Over 1500 Exposed Online Databases Wiped by “Meow” Attacker

Over 1500 online databases and counting have been wiped by a mystery attacker, for no apparent reason other than they are misconfigured and exposed to the public internet.

Researcher Bob Diachenko was first to notice the campaign after he discovered a misconfigured database belonging to Hong Kong-based VPN provider UFO. After being notified, the company secured the data, only for it to reappear at a different IP address.

This time the attacker pounced, overwriting all data with the words “meow” and a string of random numbers. It appears as if no ransom note was left.
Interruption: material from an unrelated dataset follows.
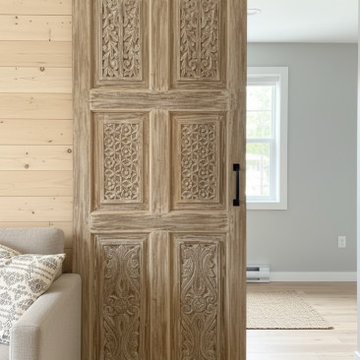 Antique Carved Barn Doors into a Spanish-Style Farmhouse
“After the exposed data had been secured, it resurfaced a second time on July 20 at a different IP address – all of the records destroyed now by a new ‘Meow’ bot attack,” tweeted Diachenko earlier this week. “[The] new Elasticsearch bot attack does not contain any ransom or threats, just 'meow' with a random set of numbers. It is quite fast and search&destroy new clusters pretty effectively.”

According to a Shodan search, there was 1269 impacted Elasticsearch servers globally and 276 MongoDB instances hit buy the “meow” bot at the time of writing. It’s unclear whether the attacker has first stolen victims’ data or if this is a purely destructive campaign.

Boris Cipot, senior security engineer at Synopsys, described the attacks as a “game changer” which may actually motivate organizations to follow security best practice.

“We’re seeing organizations rushing to identify and secure exposed databases, which is a much-needed and long overdue step for many firms. It’s alarming that by running a single Shodan search, we’re able to see just how many unsecured devices and services are out there – all of which are potential attack vectors,” he argued.

“There is the possibility that the attacker isn’t abusing the user data prior to its deletion. If that is in fact the case, meow attacks could actually be safeguarding users from more financially-driven malicious attackers. While the user would be impacted either way – having just lost whatever data was being stored on an affected database – at least it wouldn’t be held for ransom or sold on the dark web, for instance.”